[Spring 2024] Towards a Systematic Framework for Index Structure Design (Dong Xie)

Event Date: Thursday March 14, 2024
Event Time: 12:00pm EDT
Location: GHC 9115
Speaker: Dong Xie [INFO]

Title: Towards A Systematic Framework For Index Structure Design

Index structures are at the database management systems’ core to facilitate efficient data access. Due to the constant changes in application requirements and hardware trends, people are going through exhaustive and painstaking work designing/tailoring new index structures to catch up. In this talk, I will show a vision of a systematic index structure design framework that will allow index designers to focus on data layout design and query algorithms without worrying about support for other practical features (update and concurrency) and adapting underlying hardware.

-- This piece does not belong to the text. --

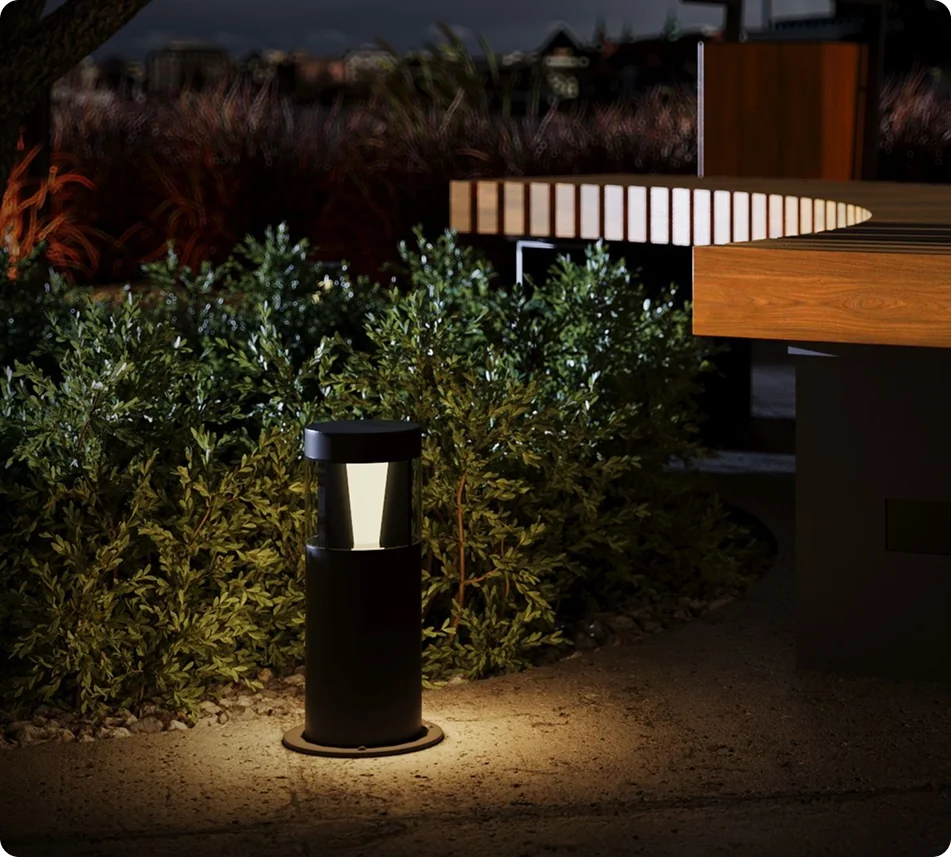 Illuminated bollard lighting a garden path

In particular, I will talk about two main directions we have been working on: (1) How can we extend a static data structure with special query capabilities (e.g., sampling, similarity search, etc.) automatically with concurrent update support? (2) How can we automatically tailor data structures to perform decently on arbitrary block devices or complex storage hierarchies? For the first question, I will show how our extension framework adds (concurrent) update support to static sampling indexes and discuss its generality to other data structures. For the latter question, I will present how modern storage hierarchies make data structure design dramatically harder and our general methodology for designing data structures with performance models of black-box block devices.

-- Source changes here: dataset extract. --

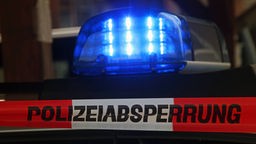 Traka sa natpisom "Polizeiabsperrung (Zabranjen pristup, policija)" i rotaciono svetlo u pozadini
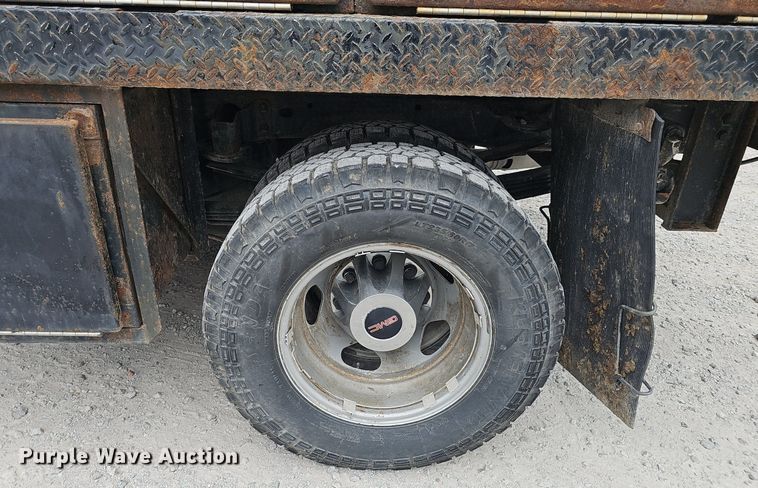 image for item DP1041 2015 GMC  Sierra 3500 Double Cab flatbed pickup truck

Dong Xie is an assistant professor in the computer science and engineering department at Penn State University. He received his Ph.D in Computer Science from University of Utah in 2020, and received his bachelor’s degree from ACM Honored Class of Shanghai Jiao Tong University in 2015. He received the Google Research Scholar Award in 2023, Microsoft Research PhD Fellowship in 2018, and SoCC best paper runner-up in 2019. His research interest lies in building data systems to address the challenges of processing and analyzing real-world large-scale data. His research span in multiple areas including data systems on modern hardware, distributed databases, main-memory databases, stream processing systems, approximate query processing, spatio-temporal data processing, data privacy, and system security.